As the name indicates, histologically chondromyxoid fibroma is composed of a mixture of cartilaginous, myxoid, and fibrous elements. The lesion most commonly affects long bones, especially the tibia. In the Mayo Clinic series [19], chondromyxoid fibroma was the least common of the benign cartilage tumors, comprising only 3%, compared with 9% for chondroblastoma, 24% for chondroma (including enchondroma and periosteal chondroma), and 64% for osteochondroma.

DIFFERENTIAL DIAGNOSIS Hemangioma, cellulitis.

DIAGNOSIS Hemangioma, soft tissue.

DISCUSSION Phleboliths within the soft tissue mass in the calf are suggestive of a vascular malformation. The MRI findings confirm the diagnosis. On T1-weighted MRI, hemangiomas characteristically have heterogenous signal intensity with some areas of fat-signal intensity. Low-intensity tubular structures of various sizes are usually evident. T2-weighted MRI shows fluid signal within the tubular structures, corresponding to sluggish blood flow. Hemangiomas may be classified histologically based on the predominant type of vascular channel [22]. The three main types are capillary, cavernous, and arteriovenous. The capillary type is most often found in the dermis or subcutaneous tissues, and typically does not undergo diagnostic imaging. The arteriovenous or venous types are rare. It is the cavernous type that often presents as a soft tissue mass requiring diagnostic imaging. Together, the classic radiographs and MRI findings are virtually diagnostic of cavernous hemangioma.

A, B. Lateral and AP detail views of the lower tibia demonstrate a mass on the cortical surface of the distal tibia. There are lucent and sclerotic regions, with spicules of bone projecting away from the cortex into the soft tissues.

C. Axial CT with contrast enhancement shows the tumor mass extending from the cortical surface.

D. Axial T1-weighted MRI after gadolinium injection shows an enhancing mass apposed to an intact cortex, with low-signal regions within.

DIFFERENTIAL DIAGNOSIS Parosteal osteosarcoma, periosteal osteosarcoma, high-grade surface osteosarcoma, lymphoma, juxtacortical chondroma.

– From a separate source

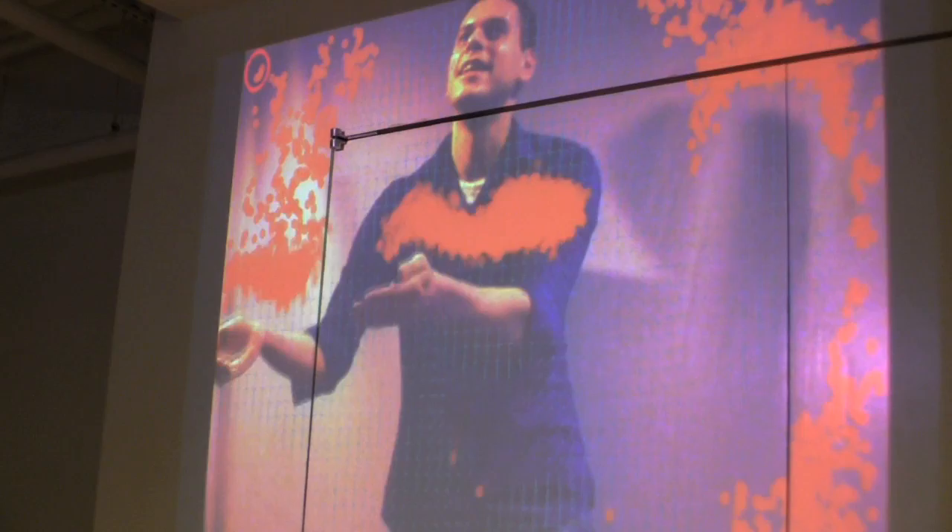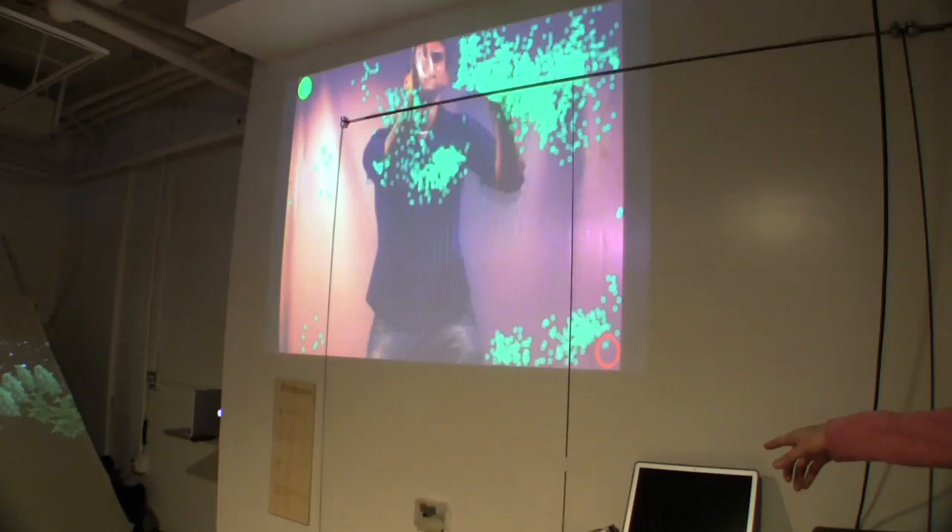This is a game that is using computer vision — I guess it's the roots of what's being used in the Kinect right now — and I built it for kids to play around with. The objective is they get on the screen and they have to put these little particles and balls into the red buckets.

DIAGNOSIS Periosteal osteosarcoma.

DISCUSSION Osteosarcoma is an uncommon, malignant, bone-forming tumor with three commonly recognized but rare variants that arise on the cortical surface: parosteal osteosarcoma, periosteal osteosarcoma, and high-grade surface osteosarcoma [23]. Periosteal osteosarcomas comprise about 1.5% of all osteosarcomas. Usually found in the diaphysis of the femur or tibia, the peak age of discovery is about 20 years, and most patients present after a few weeks or months of pain, swelling, tenderness, or mass [24]. Periosteal osteosarcomas are moderately differentiated and chondroblastic, unlike the more common parosteal osteosarcomas, which are well differentiated and fibroblastic. The presence of any high-grade histologic features would cause the lesion to be classified as a high-grade surface osteosarcoma [25].

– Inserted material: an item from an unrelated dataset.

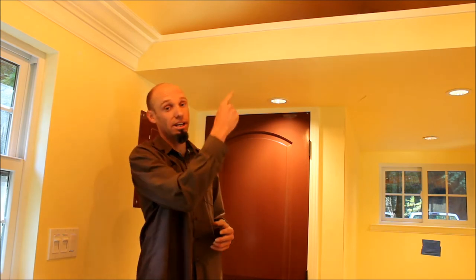Hello, this is Dylan Panko with a quick tip from Bungalow to Go. On this episode, I want to show you why you should consider putting your loft light on a three-way switch.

It is uncertain whether these surface osteosarcomas arise in the periosteum or in the outer layers of the cortex. On imaging, periosteal osteosarcomas appear as elongated, partially mineralized masses on the cortical surface of a long bone in the diaphyseal region, with thickened underlying cortex and solid periosteal reaction at the margins. Lucent regions within the tumor correspond to nonmineralized tumor cartilage, and brush-like spicules of bone extending from the underlying cortex into the tumor correspond mostly to trabeculae of reactive bone. Blotchy, punctate, and circular densities in the tumor represent mineralization of chondroid tumor matrix and reactive bone. The periphery of the lesion will have less mineralization. Periosteal osteosarcomas are much less dense radiographically than parosteal osteosarcomas, reflecting the difference in their histologic differentiation. Minimal involvement of the marrow space can be seen on CT or MRI [26]. Periosteal osteosarcomas are treated with wide excision. Their prognosis is better than that of high-grade intramedullary or high-grade surface osteosarcomas, but worse than parosteal osteosarcomas.